Straight Shooter: Talking to Kids About Gun Safety
By an Alaska mom
I grew up in a house without guns. My family didn’t own guns, we didn’t shoot guns, we didn’t even really talk about guns. Ironically, when I got married, I joined a family of subsistence hunters, sport shooters and gun collectors.
While I am still not entirely comfortable around guns, I respect the fact that we live in a state where guns are tightly interwoven in the lifestyles, cultures and traditions of many Alaskans.
While I don’t eat meat, I respect the fact that, like many families in Alaska, my in-laws fill their freezer each year with moose they have brought home from successful hunting trips.
And while it makes me nervous, I respect the fact that my son wants to learn to shoot safely – and that my husband and father-in-law want to pass their knowledge down to him.
So while we each have differing experiences, attitudes and opinions about guns, one thing we can all agree on is the importance of gun safety. And that starts with talking to our kids.
Even if there is not a gun in your household, your children are likely to come into contact with one at some point, so it is important to talk to them about guns and gun safety.
Depending on the age of your child, questions you may want to discuss together include:
- How should a gun be treated?
- Do any of your friends have access to a gun at home?
- Have any of your friends talked about using a gun?
- Have you ever had a friend show you – or try to show you – a gun?
- What would you do if you saw a gun at school or at a friend’s house?
- When you see guns being used in TV shows and movies, do you think it’s realistic? Do you think there were other ways the characters could have handled the situation?

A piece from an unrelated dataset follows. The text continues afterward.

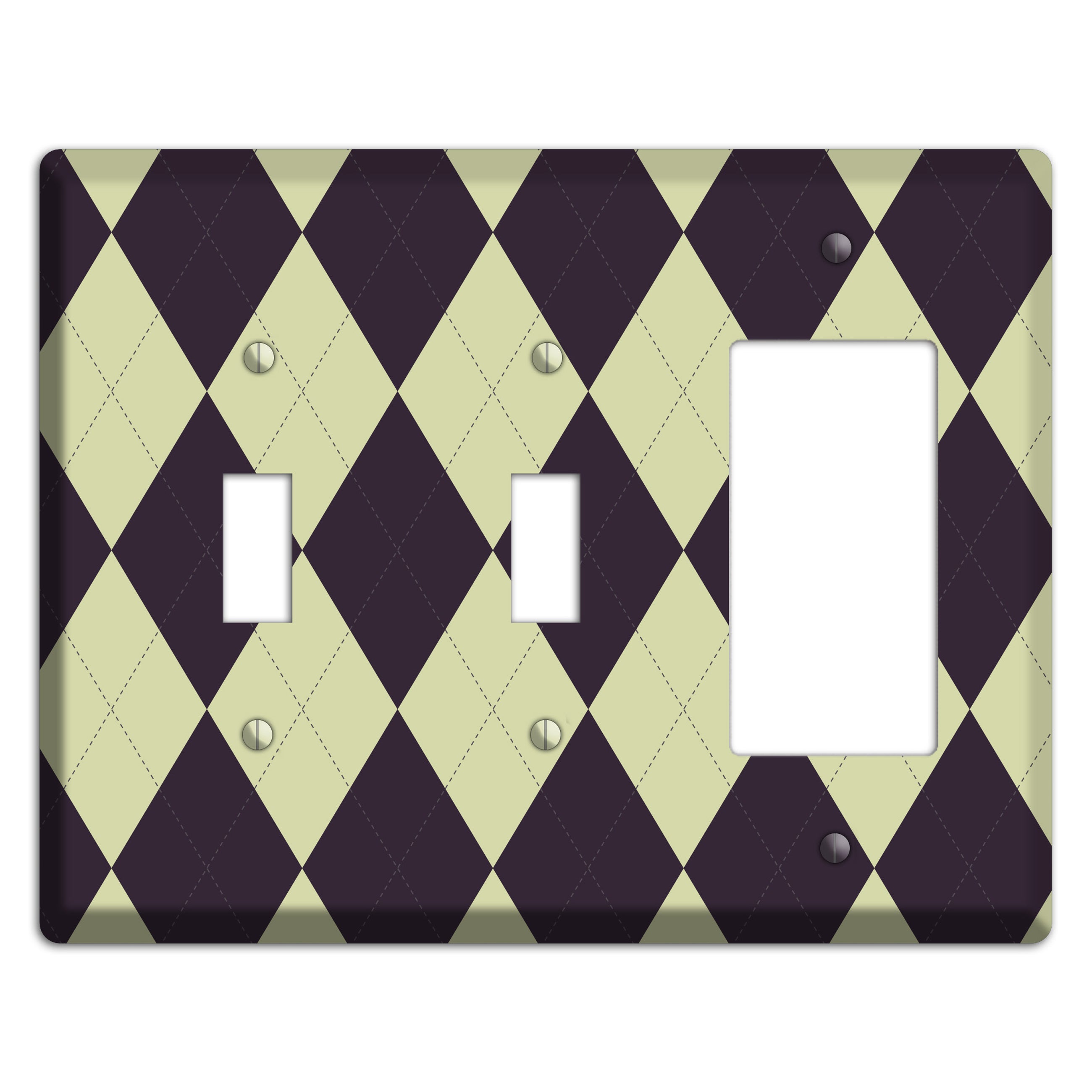 Beige Argyle 2 Toggle / Rocker Wallplate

This is a conversation that needs to continue and evolve as your kids get older, make new friends and experience different situations.
Now that my son is of an age where he is spending time with friends and family without my supervision, I know I can’t control every person and situation he comes in contact with. I believe the best way I can protect him is to prepare him with the information he needs to make good decisions.

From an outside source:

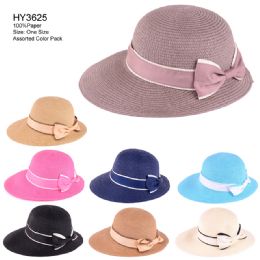 36 Pieces Wholesale Fashion Sun Hats With Bow - Sun Hats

So what does my son need to know? Here are some kid-focused tips, based on information from KidsHealth.org, that parents can share with their children. (Please know that these tips are just focused on basic gun safety – the topic of gun violence, how to address that and how to talk to our kids about it is a huge and important issue worthy of its own article.)
If your family has a gun at home:
- All guns should be stored in a secure gun safe. You are not allowed access to the safe until you are an adult and know how to handle a gun.

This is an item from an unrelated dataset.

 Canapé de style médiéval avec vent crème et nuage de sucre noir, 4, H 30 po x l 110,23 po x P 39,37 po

- When you have friends over, don’t show them where the gun or gun safe is kept.
- Never get the gun out or handle a gun unless a parent or another responsible adult is with you and says it’s OK.
When you’re at a friend’s house:
- If you see a gun somewhere, stop what you’re doing. Do not touch the gun, even if it looks like a toy. Leave the area where the gun is. Tell an adult right away.
- If a friend wants to show you a gun, say “no” and leave or call your parent for a ride. Tell your parent right away what happened. Don’t worry about getting your friend into trouble — you will be helping to keep him or her safe.
If someone is carrying a gun:
- If someone tells you they have a gun or shows you a gun, get away from the person quickly and quietly. Tell an adult you trust immediately. If you can’t find a teacher, parent, coach or other adult, call 911. Don’t feel that you’re being a tattletale if you tell an adult that someone has a gun. Remember, you may save a life!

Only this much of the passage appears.